Novel Precision Medicine Promising in Triple-Negative Breast Cancer

Novel Precision Medicine Promising in Triple-Negative Breast Cancer.

Sacituzumab govetecan also known as IMMU-132 has received Breakthrough Therapy Designation from the U.S. Food and Drug Administration (FDA) for the treatment of patients with triple-negative breast cancer (TNBC).

Triple-Negative Breast Cancer includes about 15% of all breast cancer types and has an annual incidence estimated to be about 40,000 people, with 20,000 diagnosed with metastatic TNBC, in the United States alone. As the name implies, Triple-Negative Breast Cancer does not express estrogen, progesterone or the HER2 receptor, and is, therefore, insensitive to most of the available targeted therapies for breast cancer treatment, including HER2-directed therapy.

TNBC has a particularly aggressive course and currently there is no single standard chemotherapy to treat patients with relapsed/refractory metastatic TNBC. New treatment strategies are needed.

Researchers recently reported the results of an early-phase clinical trial to evaluate the safety and effectiveness of treatment with the antibody drug conjugate sacituzumab govetecan (IMMU-132) in heavily pretreated individuals with advanced TNBC. Sacituzumab govitecan targets Trop-2, a calcium signal transducer that drives cancer cell growth in a majority of TNBC patients. IMMU-132 delivers high doses of SN-38, the active metabolite of Irinotecan that is 1000 times more active than Irinotecan itself.

In this early study IMMU-132 was well tolerated and produced an overall response rate of 30% in patients that had failed an average of 5 previous therapies. Additionally, 45% of patients had stable disease (SD), with 16% of the responses lasting for greater than 6 months.

IMMU – 132 Antibody-Drug Conjugate Improves Responses In Metastatic Triple-Negative Breast Cancer

Treatment with IMMU-132 (sacituzumab govitecan) elicited an overall response rate of 34 percent in patients with heavily pretreated metastatic triple-negative breast cancer (TNBC), according to updated findings from a clinical trial recently presented at the 2017 San Antonio Breast Cancer Symposium.1

About Triple-negative Breast Cancer

Approximately 12% of breast cancers are TNBC’s meaning that they are estrogen-receptor negative (ER-), progesterone-receptor negative (PR-), and human epidermal growth factor receptor 2-negative (HER2-). This means that TNBC is not stimulated to grow from exposure to the female hormones estrogen or progesterone, nor through an overactive HER2 pathway.

Unfortunately, many available and effective treatment options for the majority of breast cancers block the growth stimulating effects of ER, PR and/or HER2; therefore, TNBC has limited therapeutic options. TNBC tends to be more aggressive and grow at a rapid rate.

There are no modifiable risk factors for TNBC. These cancers tend to occur more frequently in young premenopausal women, in African-American women, and in women who carry the abnormal inherited breast cancer susceptibility gene BRCA1. Novel treatment options for TNBC have lagged behind that of other types of breast cancers and are definitely needed.2

About IMMU – 132

Sacituzumab govetecan (IMMU-132) is an antibody drug that targets Trop-2, a calcium signal transducer that drives cancer cell growth in a majority of TNBC patients. IMMU-132 delivers high doses of SN-38, the active metabolite of the chemotherapy drug Irinotecan that is 1000 times more active than Irinotecan itself. IMMU-132 has received Breakthrough Therapy Designation from the U.S. Food and Drug Administration (FDA) for the treatment of patients with TNBC.3

The current study included 110 patients with TNBC that had failed two or more prior treatment regimens. IMMU-132 was administered on days one and eight of each 28-day cycle. Study patients received a median of 14.5 doses of the medication and the median duration of treatment was 4.9 months.

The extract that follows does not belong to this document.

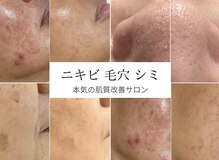 モッティ(MOTTY)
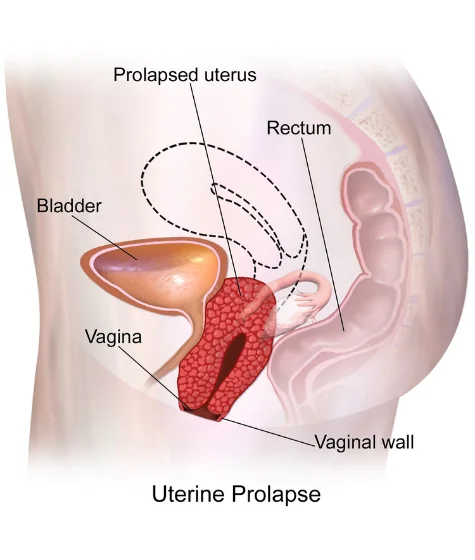 Pro-lapse-Uterus-and-Cystocoele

In addition to producing an overall response rate of 34% another 11% of patients had stable disease (SD) for 6 months or more resulting in an overall disease control rate of 45% Average overall survival was 12.7 months. The most common side effects were neutropenia, nausea, diarrhea, anemia, fatigue and vomiting. Those receiving prior checkpoint inhibitors had an overall response rate of 47% and responses were similar between those receiving treatment as a third-line therapy or beyond.

These results compare favorably to traditional response rates with other single-agent chemotherapy medications used beyond the first-line setting, which rang from 6% to 15% percent across clinical trials.

Connect with other patients on CancerConnect to discuss these and other results and experiences with TNBC.

Sacituzumab Govitecan Receives Breakthrough Designation for Triple-Negative Breast Cancer

The United States Food and Drug Administration (FDA) has designated the investigative agent, sacituzumab govitecan (IMMU-132), breakthrough designation for the treatment of triple-negative breast cancer.

The new FDA designation is for treatment of patients with advanced triple-negative breast cancer (TNBC) whose disease has progressed following 2 prior therapies.

According to Immunomedics Inc.’s press release announcing the update, breakthrough designation was developed by the FDA “to expedite the development and review of a drug that is intended, alone or in combination with one or more other drugs, to treat a serious or life-threatening disease or condition, and preliminary clinical evidence indicates that the drug may demonstrate substantial improvement over existing therapies on one or more clinically significant endpoints, such as substantial treatment effects observed early in clinical development.”

Approximately 10-20% of breast cancers are referred to as triple-negative breast cancer (TNBC). These types of cancers are both hormone-negative and HER2-negative.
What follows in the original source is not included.